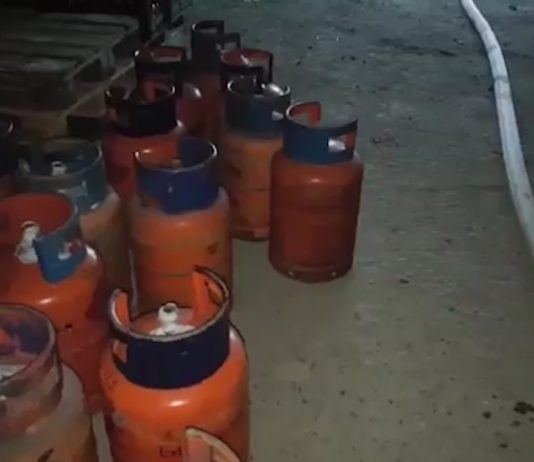 Deflagrație la un încălzitor de apă alimentat cu butelie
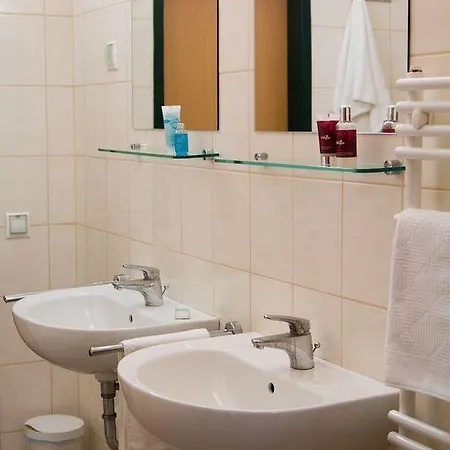 Uni-hotel Diakotthon Miskolc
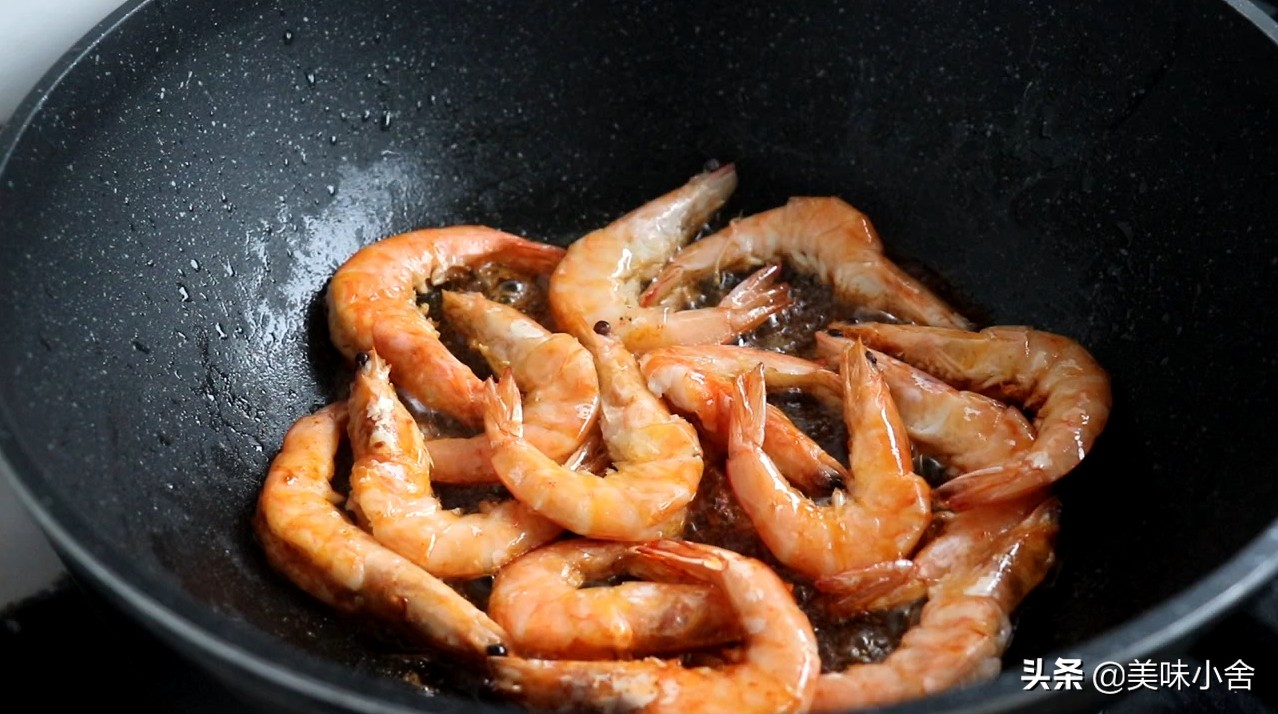 油焖大虾的家常做法最正宗的做法,油焖大虾香酥鲜嫩大人小孩都爱吃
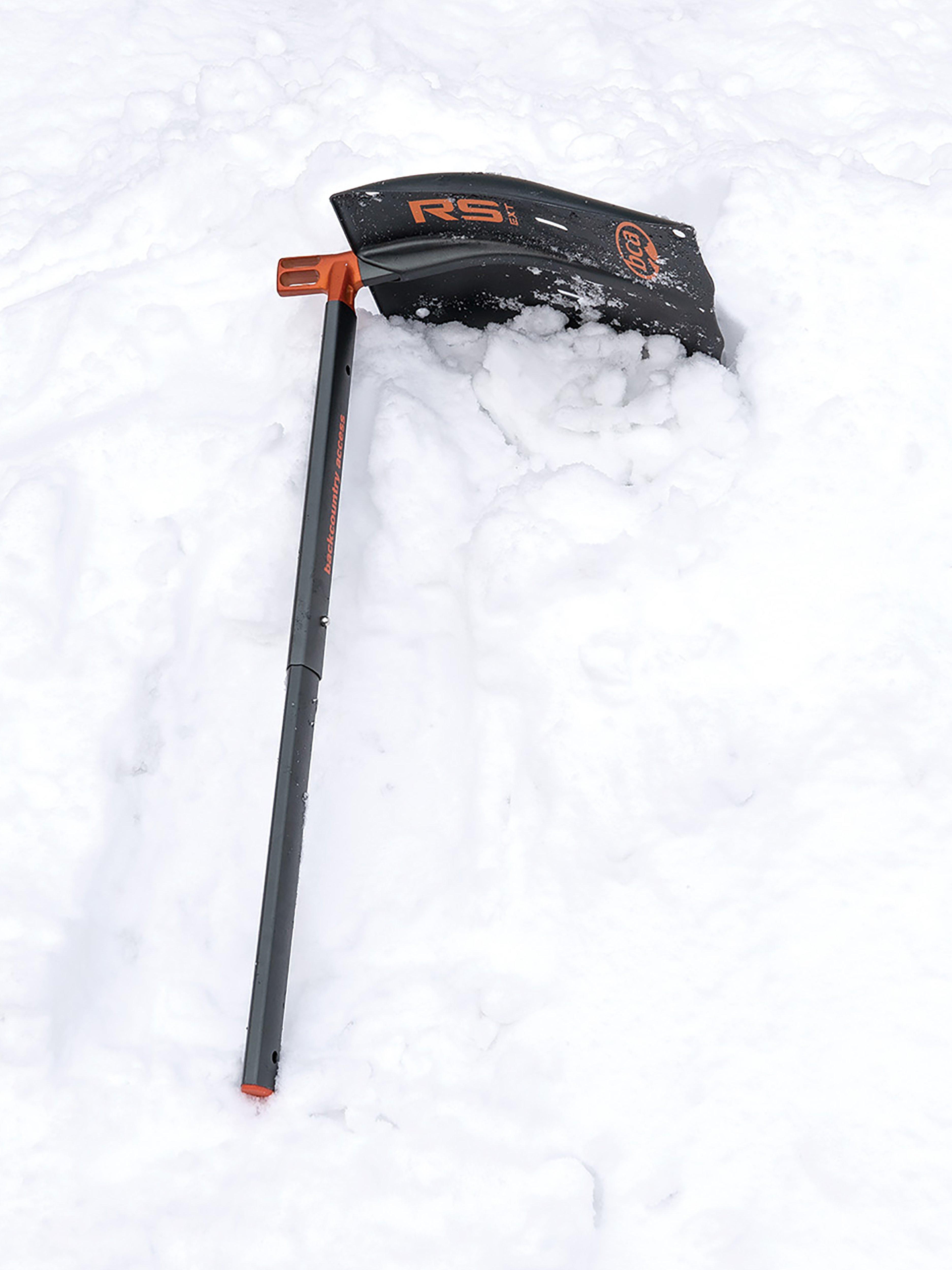 folding avalanche shovel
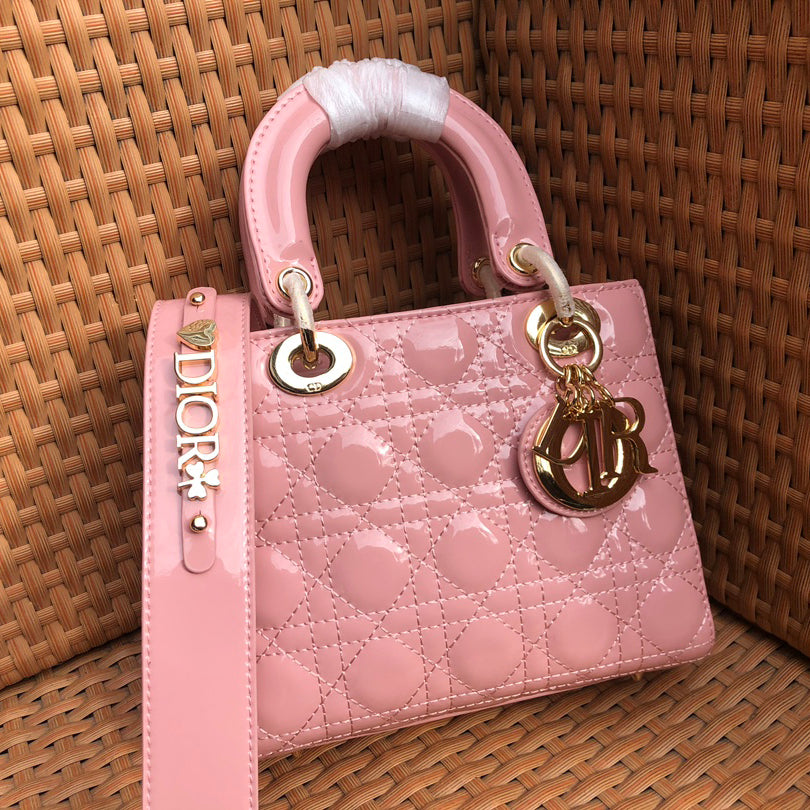 Classic patent-leather Diana bag XC16053102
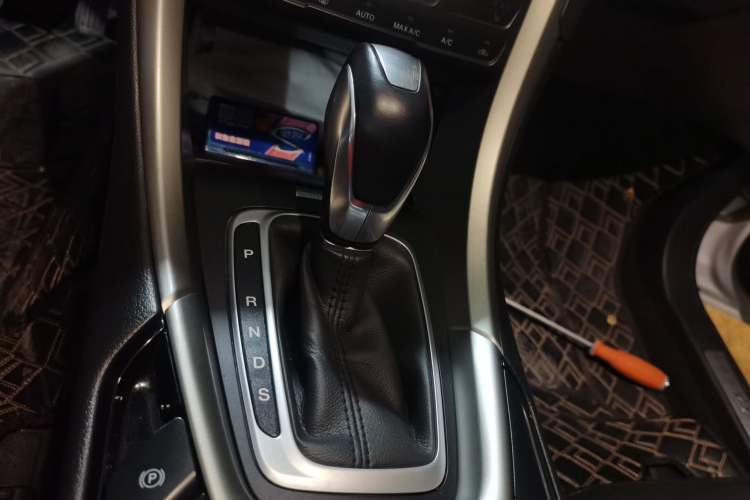 Used Ford Mondeo 2013 2.0L GTDi 200 Luxury Model Gear Lever
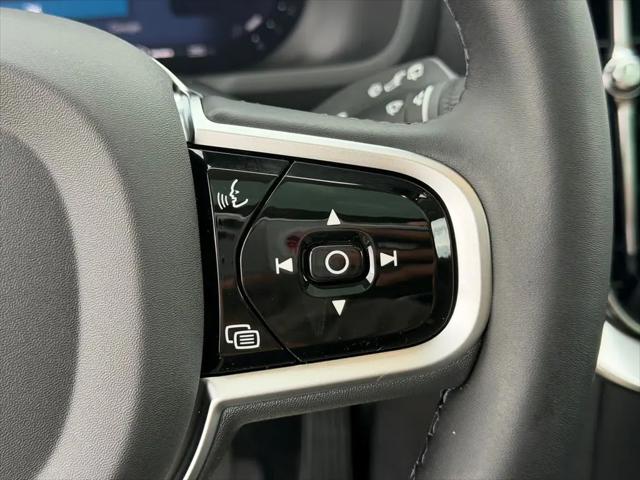 2026 Volvo XC90 Plus, B6 AWD Gas (mild hybrid), Gasoline, Bright, 7 Seats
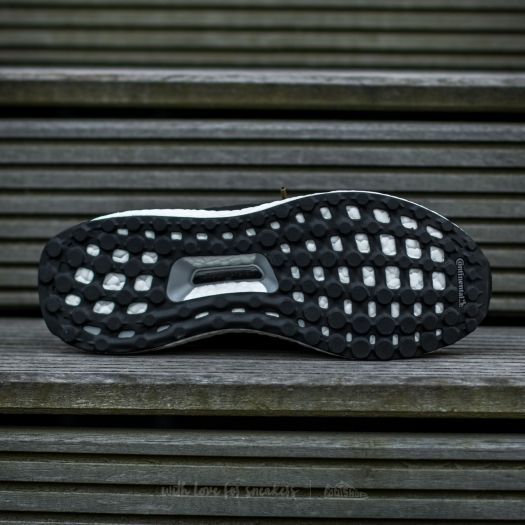 Ultra boost black shop kurz gold foil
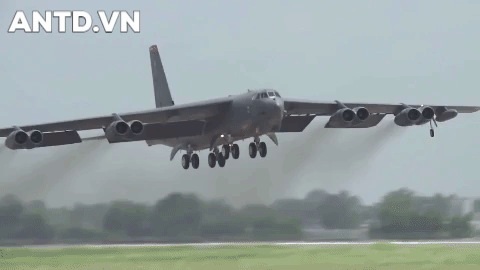 May bay B-52 My nghi roi cua so khi tap tran thi uy truoc Nga-Hinh-23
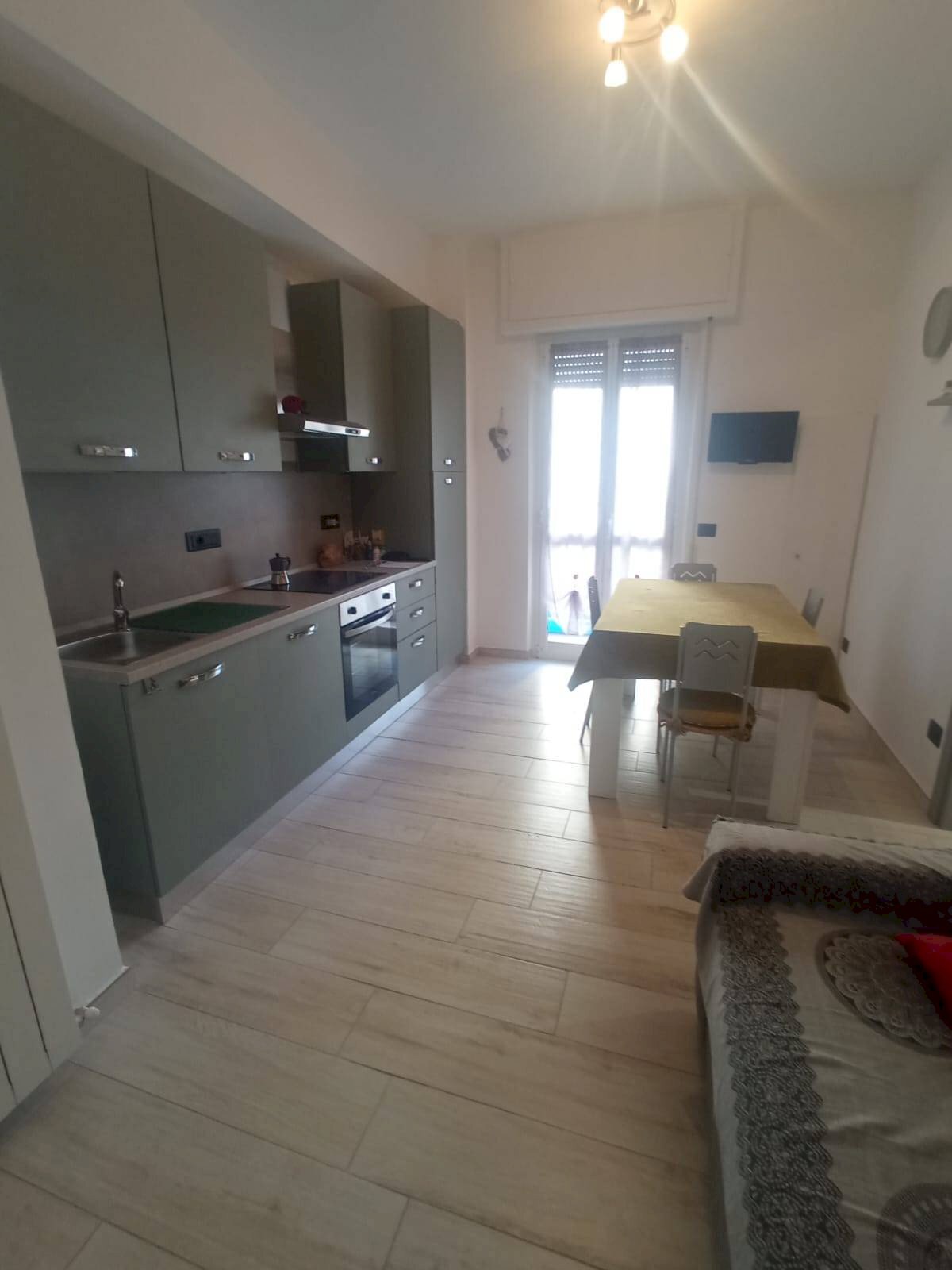 Foto 1 - Appartamento Largo Giordano
 
1, Albenga - foto 1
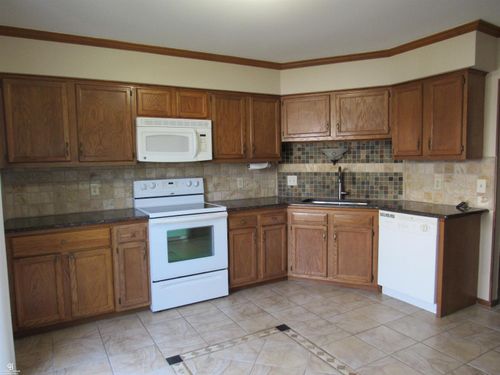 27060 Campau Ln, Harrison Twp, MI, 48045-2445 | Card Image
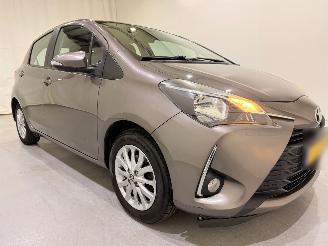skadebil auto Toyota Yaris HB 1.0 VVT-i Aspiration 2017/5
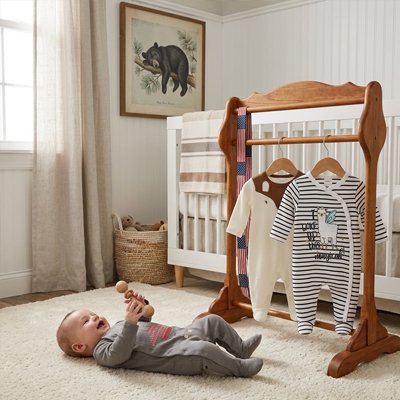 Grenouillère bébé lot 3 accrochés et sur bébé qui joue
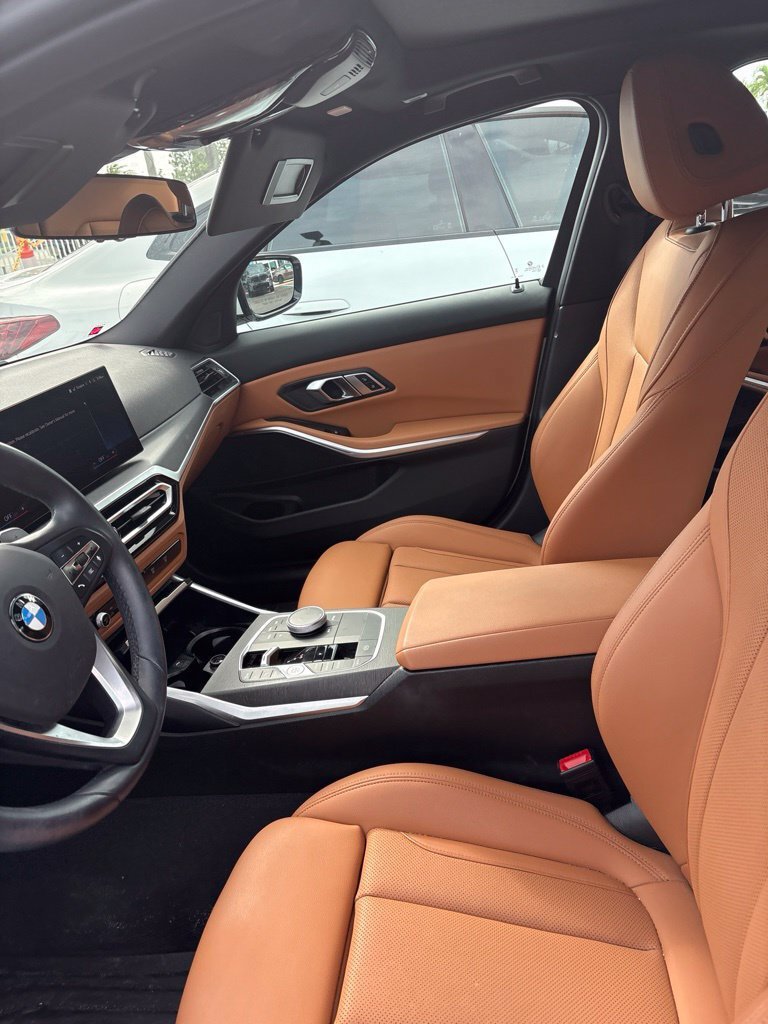 Used 2023 BMW 330i Sedan w/ Driving Assistance Package RWD image 4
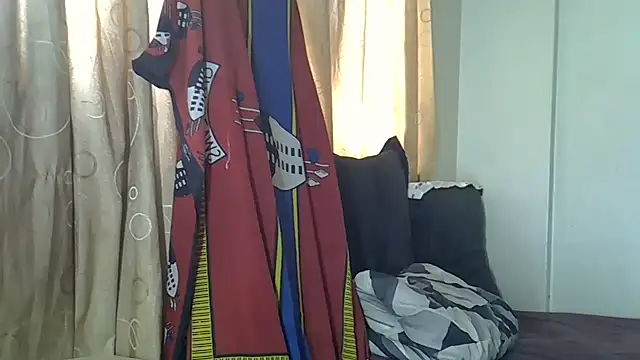 AddictiveAssCurves online show from February 24, 10:35 am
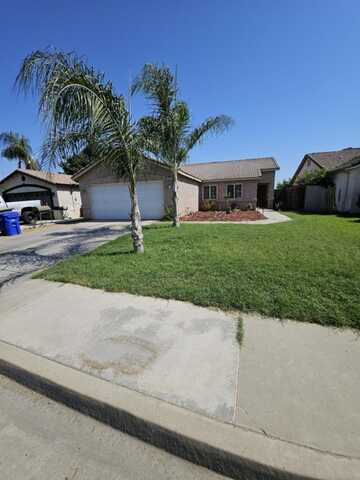 1573 W River Avenue, Porterville, CA 93257
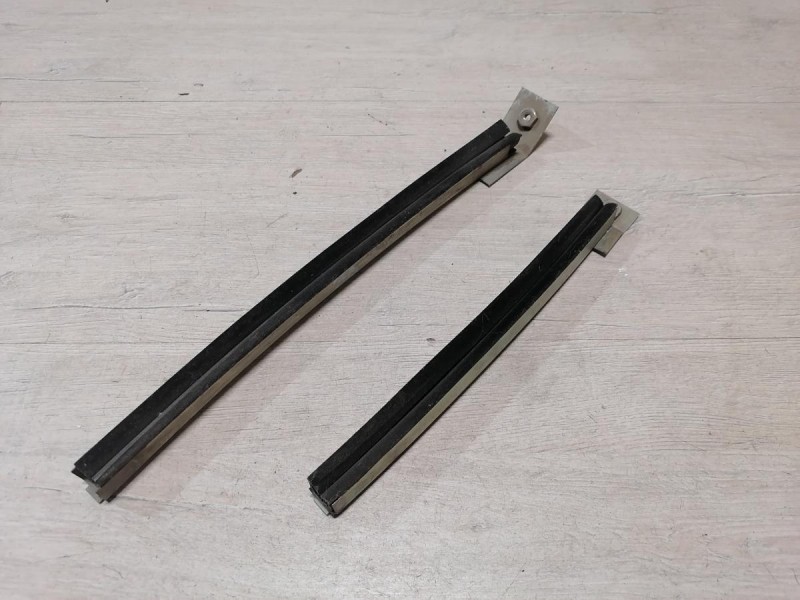 Niva №6 направляющая стекла двери задняя левая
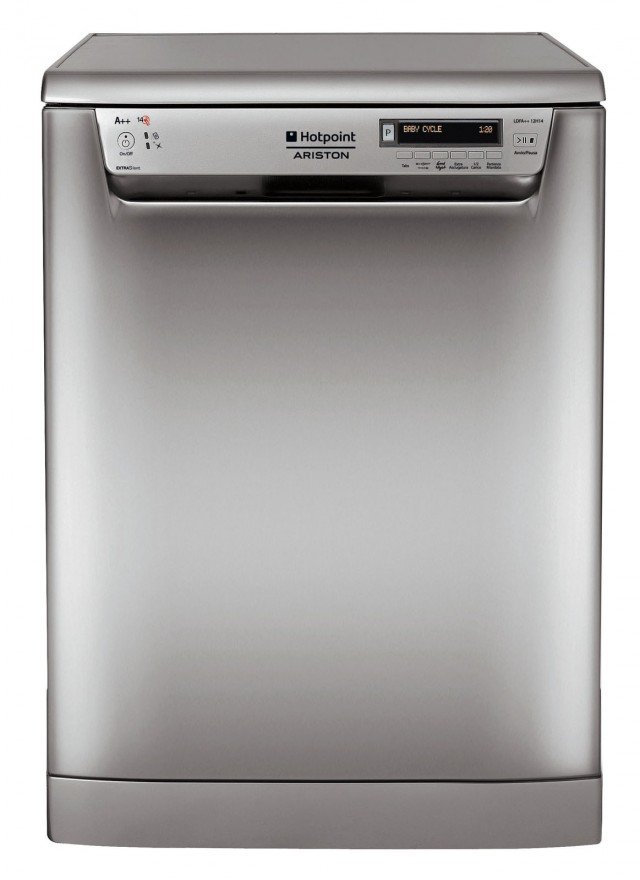 La lavastoviglie LDFA++ H14 X IT di Hotpoint ha un consumo di soli 10 litri d’acqua per ciclo. Ha 8 programmi e partenza ritardata fino a 24 ore. Da 14 coperti, è in classe di efficienza energetica A++. Misura L 60 x P 60 x H 85 cm. Prezzo 699 euro www.hotpoint.it La lavastoviglie LDFA++ H14 X IT di Hotpoint ha un consumo di soli 10 litri d’acqua per ciclo. Ha 8 programmi e partenza ritardata fino a 24 ore. Da 14 coperti, è in classe di efficienza energetica A++. Misura L 60 x P 60 x H 85 cm. Prezzo 699 euro www.hotpoint.it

=-=-=

#### Activity
Set down exactly and only the lines from the start of the entries above through the line containing "Grenouillère bébé lot", both ends included, omitting the pictures.

#### Solved exercise
 Deflagrație la un încălzitor de apă alimentat cu butelie
 Uni-hotel Diakotthon Miskolc
 油焖大虾的家常做法最正宗的做法,油焖大虾香酥鲜嫩大人小孩都爱吃
 folding avalanche shovel
 Classic patent-leather Diana bag XC16053102
 Used Ford Mondeo 2013 2.0L GTDi 200 Luxury Model Gear Lever
 2026 Volvo XC90 Plus, B6 AWD Gas (mild hybrid), Gasoline, Bright, 7 Seats
 Ultra boost black shop kurz gold foil
 May bay B-52 My nghi roi cua so khi tap tran thi uy truoc Nga-Hinh-23
 Foto 1 - Appartamento Largo Giordano
 
1, Albenga - foto 1
 27060 Campau Ln, Harrison Twp, MI, 48045-2445 | Card Image
skadebil auto Toyota Yaris HB 1.0 VVT-i Aspiration 2017/5
 Grenouillère bébé lot 3 accrochés et sur bébé qui joue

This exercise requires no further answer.